**Work instructions**
Output the line that contains "Endocrine Disease •" and every line after it to the end of the entries, with nothing added or left out.

**Stored entries**
◇ ◇ ◇
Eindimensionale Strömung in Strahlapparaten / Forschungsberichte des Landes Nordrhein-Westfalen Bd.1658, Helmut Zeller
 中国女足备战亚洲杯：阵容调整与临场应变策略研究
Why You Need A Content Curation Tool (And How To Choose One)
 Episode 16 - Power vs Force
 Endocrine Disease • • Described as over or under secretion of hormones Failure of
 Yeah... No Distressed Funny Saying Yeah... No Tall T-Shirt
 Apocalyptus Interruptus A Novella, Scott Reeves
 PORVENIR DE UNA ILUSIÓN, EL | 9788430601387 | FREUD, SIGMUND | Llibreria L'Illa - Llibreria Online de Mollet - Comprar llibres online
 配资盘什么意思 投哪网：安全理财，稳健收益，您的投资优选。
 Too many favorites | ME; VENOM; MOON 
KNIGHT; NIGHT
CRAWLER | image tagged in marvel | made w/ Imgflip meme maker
◇ ◇ ◇
**Answer below**
 Endocrine Disease • • Described as over or under secretion of hormones Failure of
 Yeah... No Distressed Funny Saying Yeah... No Tall T-Shirt
 Apocalyptus Interruptus A Novella, Scott Reeves
 PORVENIR DE UNA ILUSIÓN, EL | 9788430601387 | FREUD, SIGMUND | Llibreria L'Illa - Llibreria Online de Mollet - Comprar llibres online
 配资盘什么意思 投哪网：安全理财，稳健收益，您的投资优选。
 Too many favorites | ME; VENOM; MOON 
KNIGHT; NIGHT
CRAWLER | image tagged in marvel | made w/ Imgflip meme maker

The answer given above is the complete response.